One of the largest Pacific Islander communities in the United States is based in and around the Salt Lake City area of Utah, home to more than 40,000 Hawaiians, Tongans, Samoans, Fijians, CHamoru, and other Micronesians. Two thousand miles away, Harvard’s Peabody Museum in Cambridge stewards an extensive collection of cultural materials from the Pacific Islands region. A new community-based program, the Harvard Oceanic Collections Engagement Fellowship (HOCEF), was launched last year to help connect the two. Members of the Oceanic diaspora living in Utah were invited to apply for two fellowships to engage with the Peabody Museum’s broad collection of materials from the Pacific region. In addition to monetary support, awardees are provided individual assistance in navigating and researching collections by our Curator of Oceanic Collections, Dr. Ingrid Ahlgren, and our collections stewards and archivists.

A goal of the program is to prioritize the Fellows' vision and how they’d like to engage with the collections, while museum staff provide guidance and support as needed. This has included creating a Guide to Searching the Oceanic Collection to help applicants navigate our online database and identify collections of interest. While sometimes database searches can be straightforward,  they can also get very complicated due to a variety of terminology and language the Peabody has used through its more than 150-year history. When is a canoe not a canoe? When it is a boat, or watercraft, or sailing vessel instead!

Semi circular necklace made of carved whale teeth
  Samoan 'ula lei (whale ivory necklace) 11-2-70/83926. Gift of William McM. Woodworth, 1911    

In addition to having conversations about vocabulary and other challenges in catalog records, staff also compiled relevant documentation in our archives, and provided background information on what we know of the history of specific collections and how they came to the museum. Our Registration department arranged for new publication quality photographs of selected objects for use by the Fellows in their projects and our Conservation staff helped closely analyze as well as stabilize items to prepare them for study and photography. Peabody staff were also able to collaborate with our colleagues in the Museum of Comparative Zoology’s mammalogy department to identify materials, such as the species of whale ivory in this necklace, giving an even deeper understanding of the collections.

Spending extended time with the collections is a vital part of engagement with the HOCEF Fellows, and we were excited to host the two groups of awardees in studying collections closely, one onsite at the Peabody and one virtually through a videoconference.   

Our first visiting group included  members of the multigenerational team comprising Laneta Fitisemanu, Nu'uausala Eliga Tilo III, Kimo Watanabe, and Jacob Fitisemanu Jr.

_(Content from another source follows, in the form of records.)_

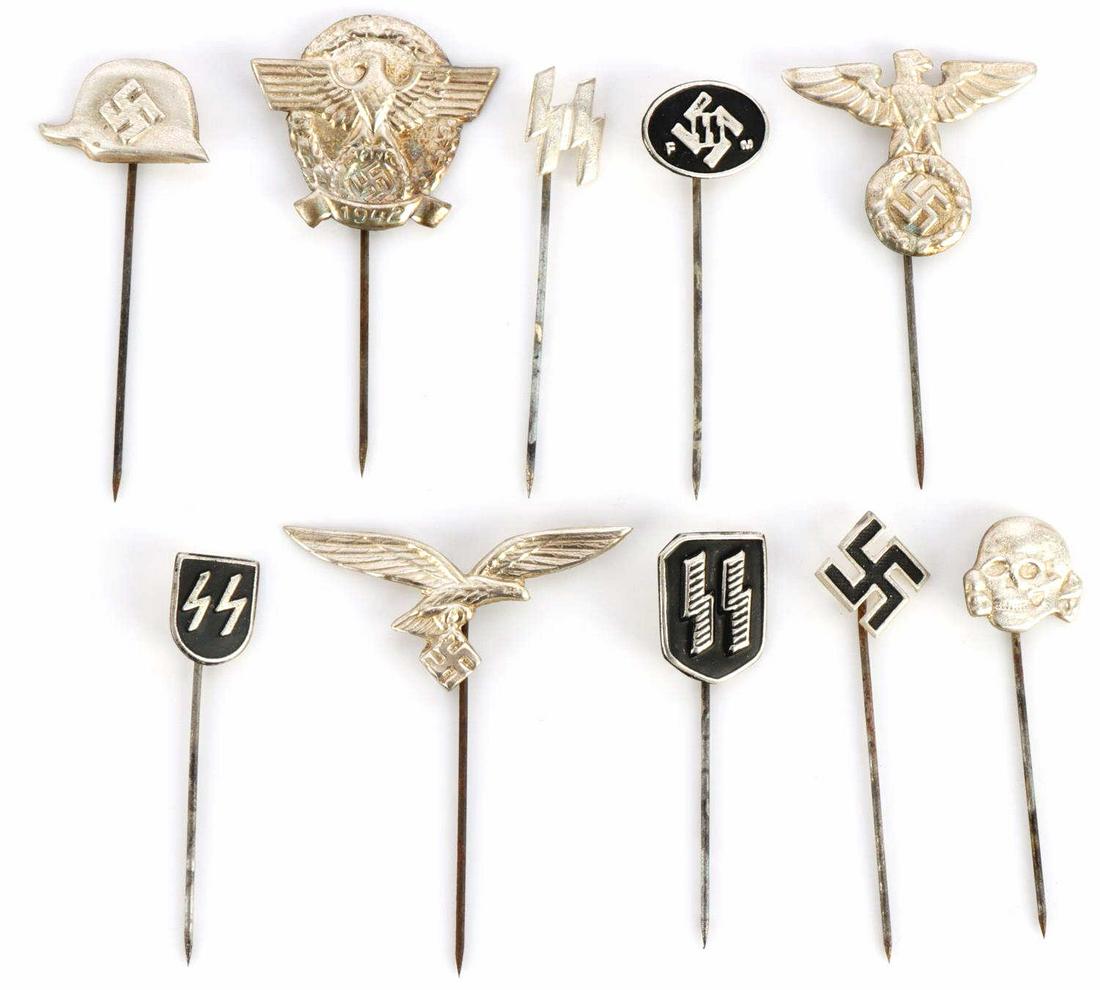 GROUP OF 10 ASSORTED WWII GERMAN STICKPINS: Lot of TEN (10) WWII German stickpins includes totenkopf, runes, helmets, and eagles. All in good overall condition. Items are unauthenticated, sold "as is". This lot has a reserve.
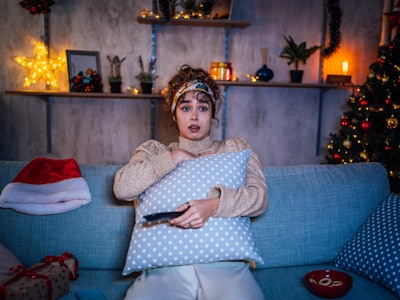 Young scared woman watching horror movie in the living room at night during Christmas holidays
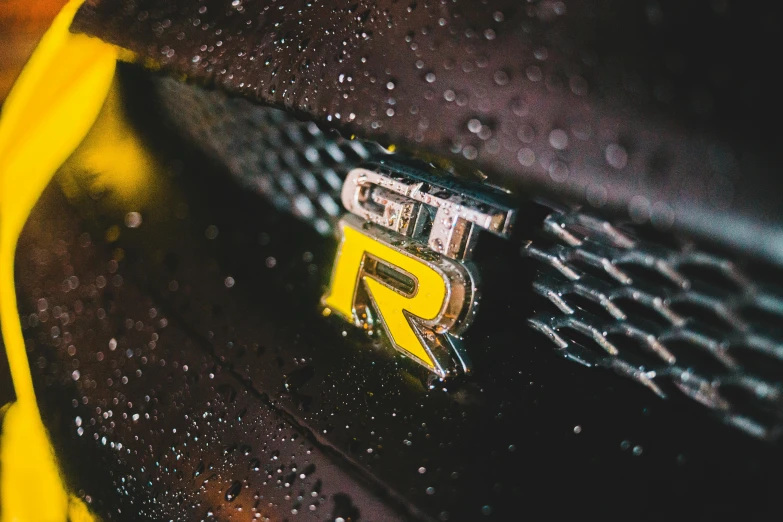 a close up of a yellow and black sports car, a picture, by Greg Rutkowski, trending on unsplash, photorealism, rainy wet, gtr xu1, close up shot of an amulet, header with logo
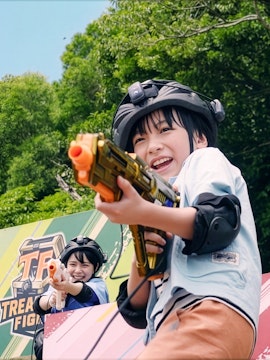 Children playing laser tag at Junglia Okinawa theme park.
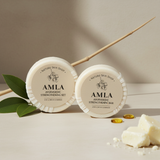 Two Amla soap bars from Nature Skin Shop on a neutral background with leaves and oil droplets.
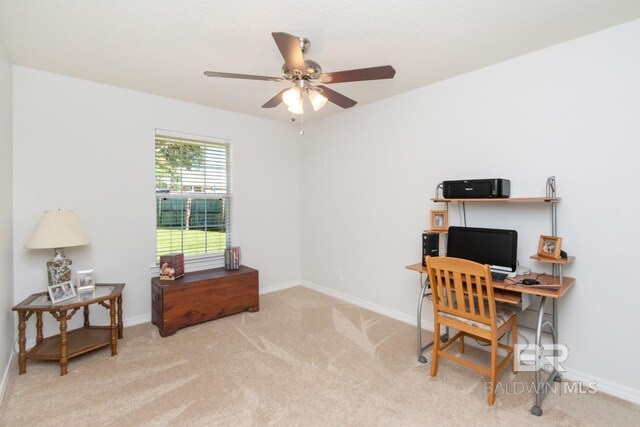 office space featuring ceiling fan and light carpet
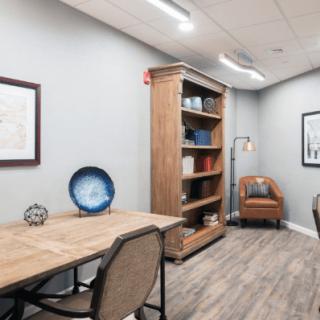 A modern office space with a wooden desk, bookshelf, and comfortable seating.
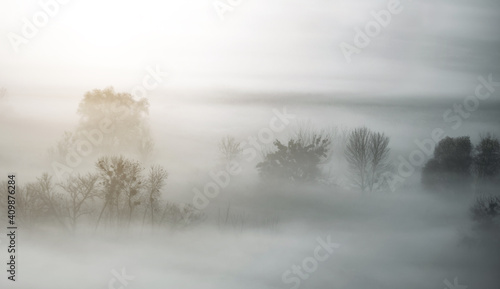 Atmospheric landscape covered with autumn mist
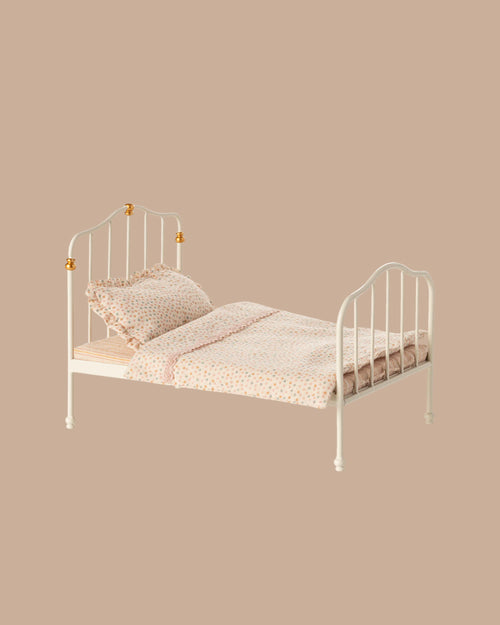 The PRE-ORDER: Vintage Bed, Mouse Size - Off White (ships early October), featuring a headboard and footboard, is dressed in light pink and white Maileg printed bedding with pillows, set against a plain beige background.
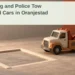 Conceptual editorial illustration of a model tow truck beside an empty parking bay and unmarked meter, with the Oranjestad towing headline and ArubaNews.ca branding; not an actual enforcement scene.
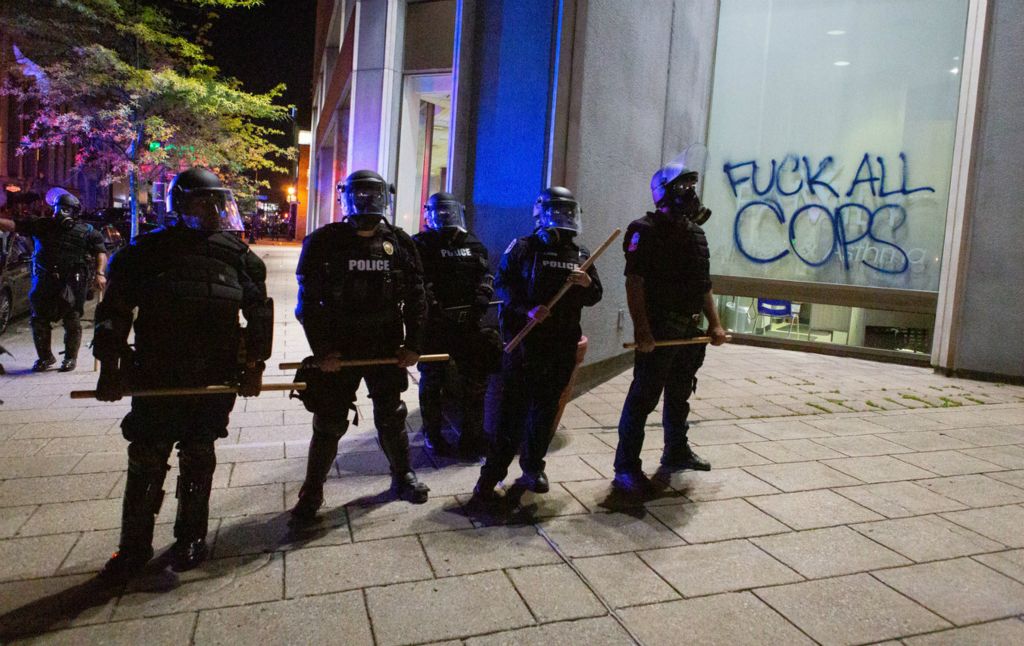 Second Place, Chuck Scott Student Photographer of the Year - Michael Blackshire / Ohio UniversityLouisville Police guard a street in downtown Louisville on May 29th, 2020. Police would soon throw tear gas into the crowds to disperse the protestors.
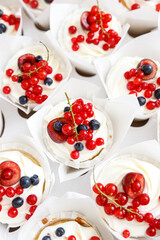 Summer cupcakes are decorated with white cream and berries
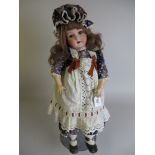 A German bisque headed Doll with sleeping brown eyes and fully jointed body. Costumed in a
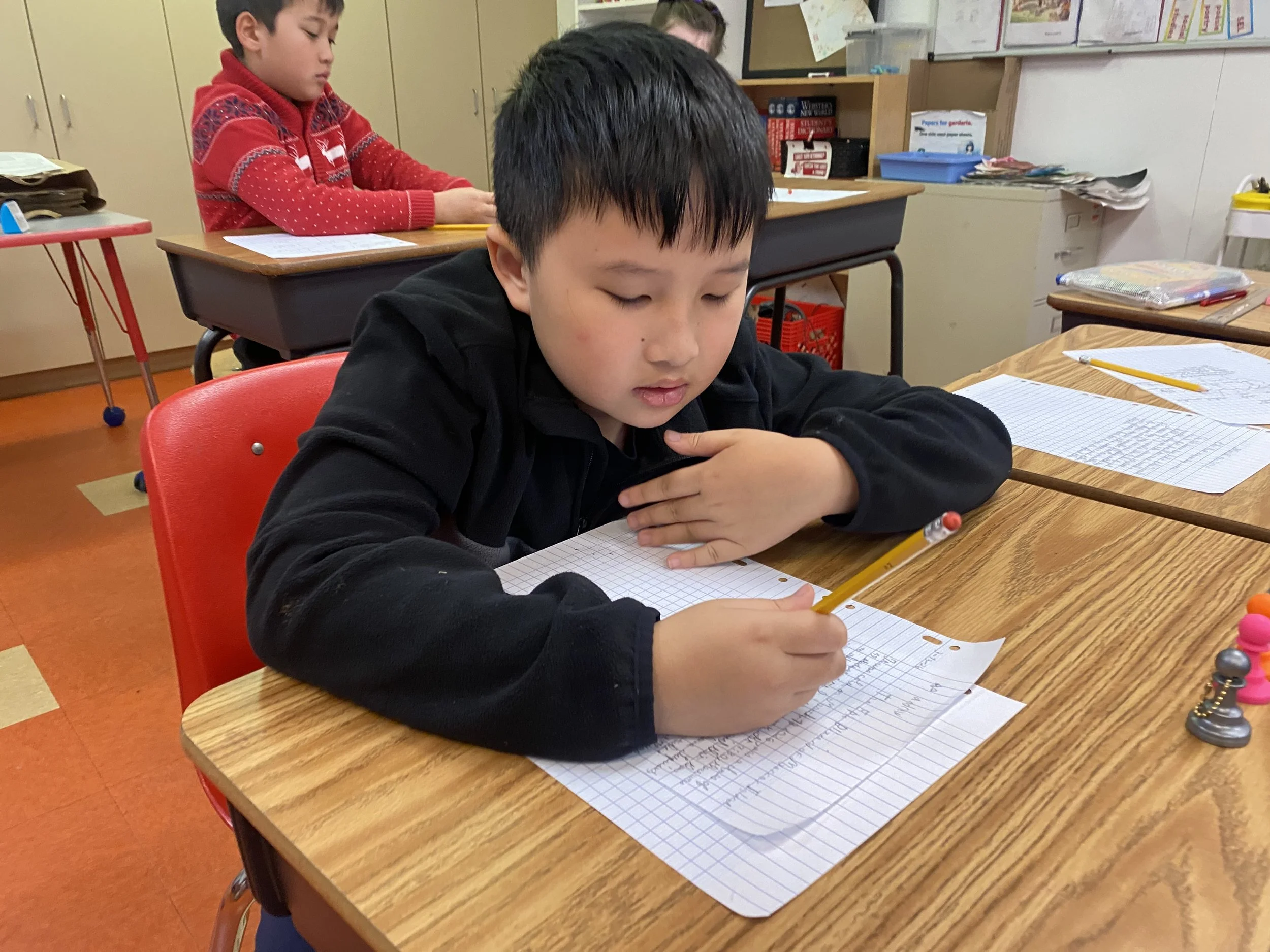 A young boy sitting at a school desk writing in a notebook with a yellow pencil, with a girl in a red sweater sitting behind him in a classroom.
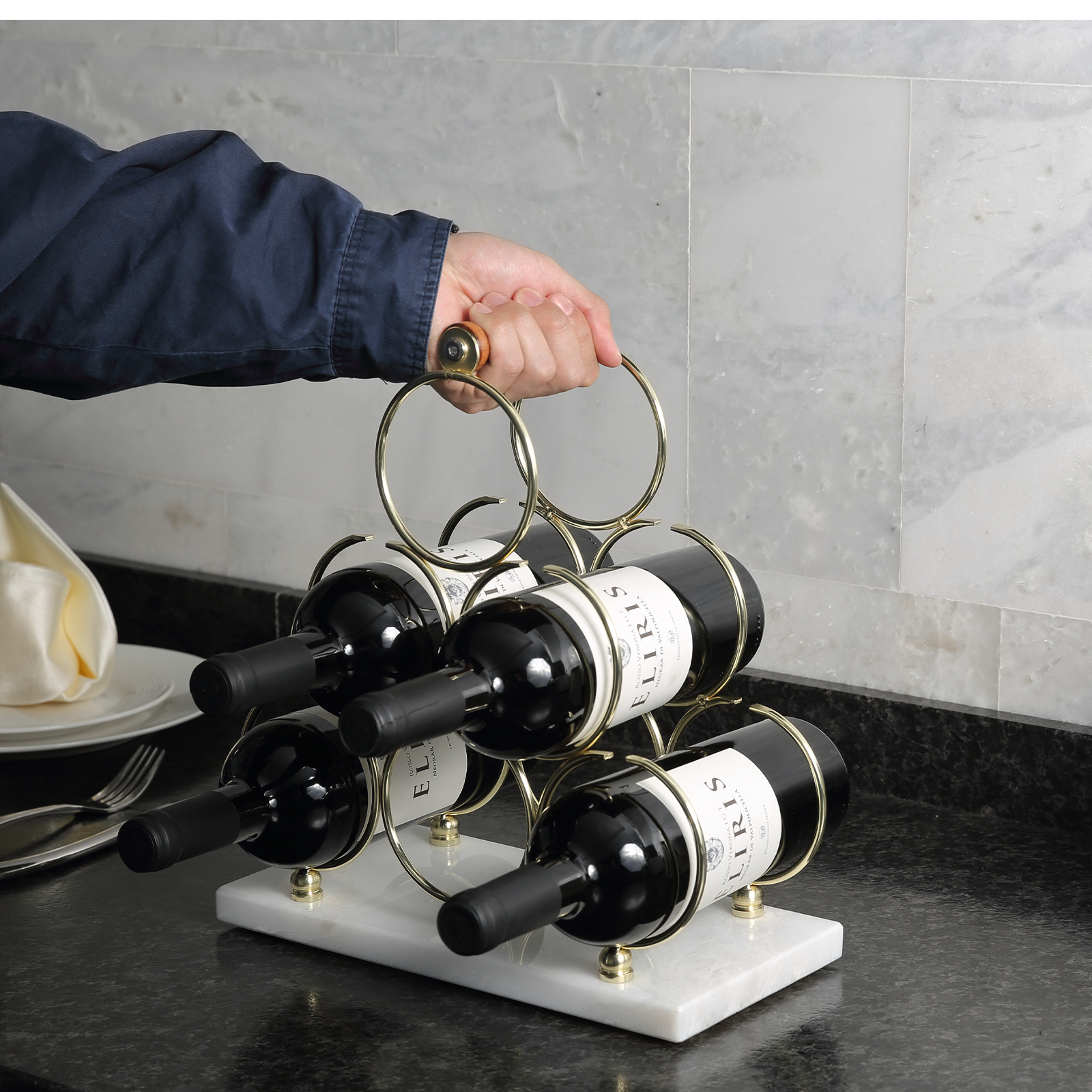 Koville Natural Stone Wine Rack in Karibib Ice on a kitchen counter holding wine bottles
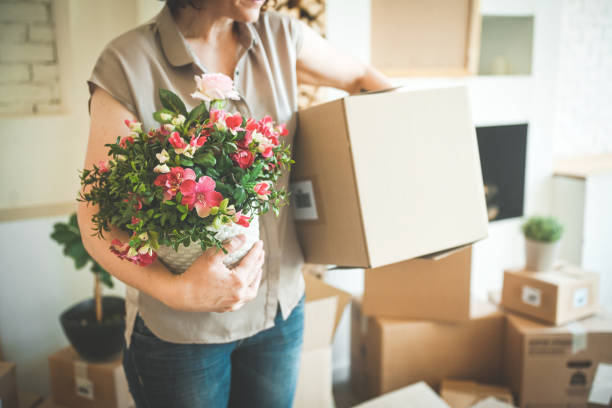 istock Mature woman with Moving Boxes in New Home 2176460331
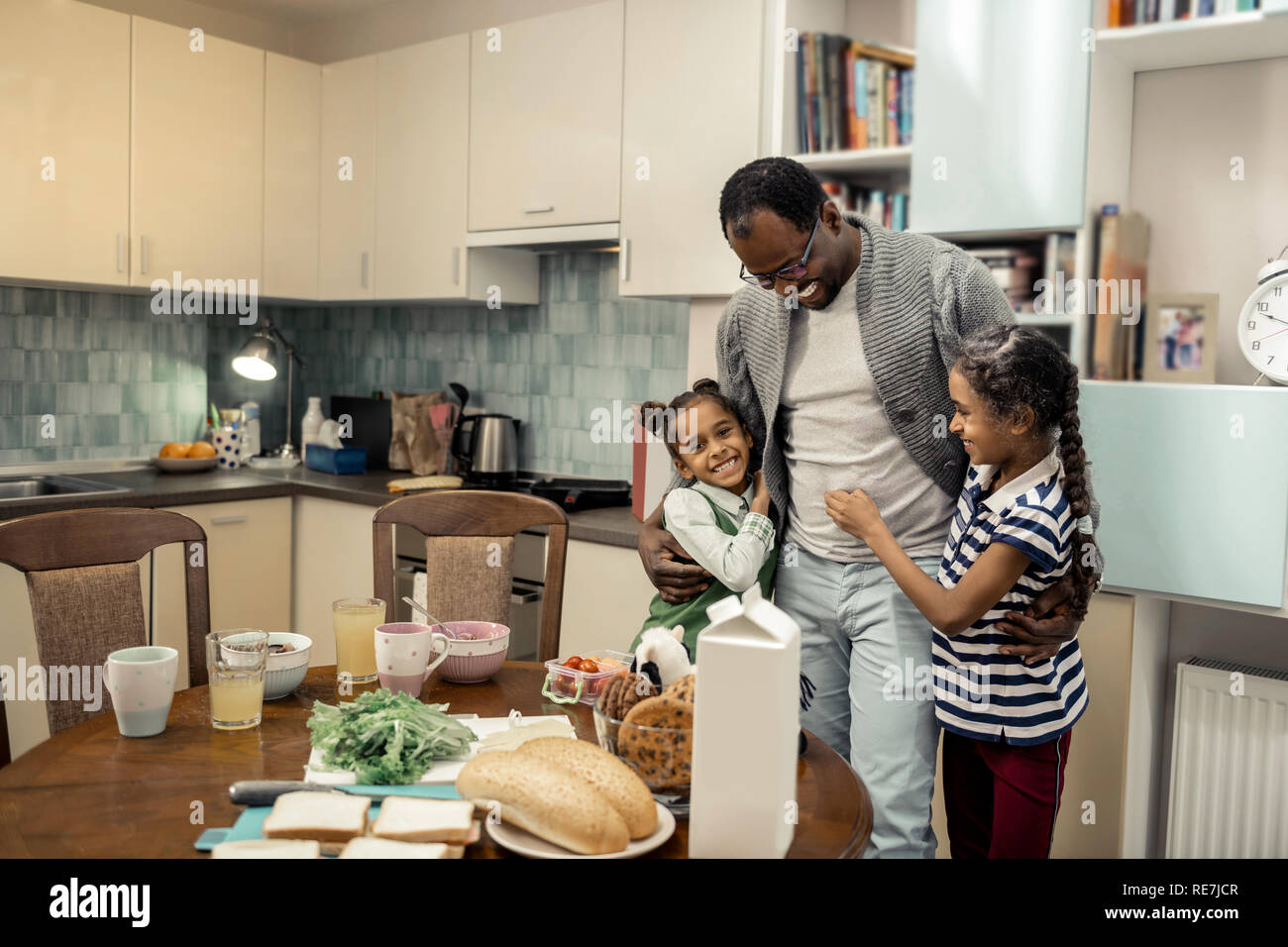 Cute twins feeling lovely while meeting father in the kitchen Stock Photo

Their group is studying collections and documentation at the Peabody Museum to recreate the nineteenth-century Samoan 'ula lei seen above. By revitalizing the long-dormant practice of Samoan ivory work using similar materials, tools, and techniques, the group also hopes to inspire and stimulate discussion about symbolism, cultural permanence, and artistic "authenticity" among modern urban Pasifika identities.


Two people examining artifacts at a table

 

For the second group, Curator Ingrid Ahlgren and Collections Steward Diana Zlatanovski hosted a virtual visit, with community members joining in from as far as New Zealand. 

Screenshot of multiple participants of a video conference

 

'Amelia Afā Niumeitolu Tavai is collaborating with a diverse group of Pacific Island cultural leaders and artists in Utah, including Susan Alik, Poli O'toko, and Tagielu Tavai, to explore the collective and mobile nature of rest shared across Oceanic cultures. Reflecting upon several headrests from the Oceanic collections at the Peabody Museum as well as historic photographs, the group aims to underscore  the healing importance of resting and sharing culture as a group, as understood through the Chuukese expression asoso meaning "our rest."

Wooden headrest
Tongan Kali hahapo (headrest), 00-8-70/55355.  Gift of Alexander Agassiz, 1900  

The conversations with both groups were wonderful, whether we were all in the same room, across the country, or across the world! We were all learning from each other and sharing excitement in seeing details like inscriptions carved into a headrest or analyzing how a cord was so intricately and beautifully twined.

The HOCEF program has truly been a team effort, both at the Museum and beyond our campus. Our staff worked with our HOCEF partners: Harvard Alumni for Oceania, the University of Utah's School for Cultural and Social Transformation, and the Utah Museum of Fine Arts to select and support the two fellowship recipients. We’ve already learned so much from working with the Fellows and hope we can continue to improve how these collections are shared, used, and documented through close collaboration with origin communities. And we look forward to sharing the completed projects!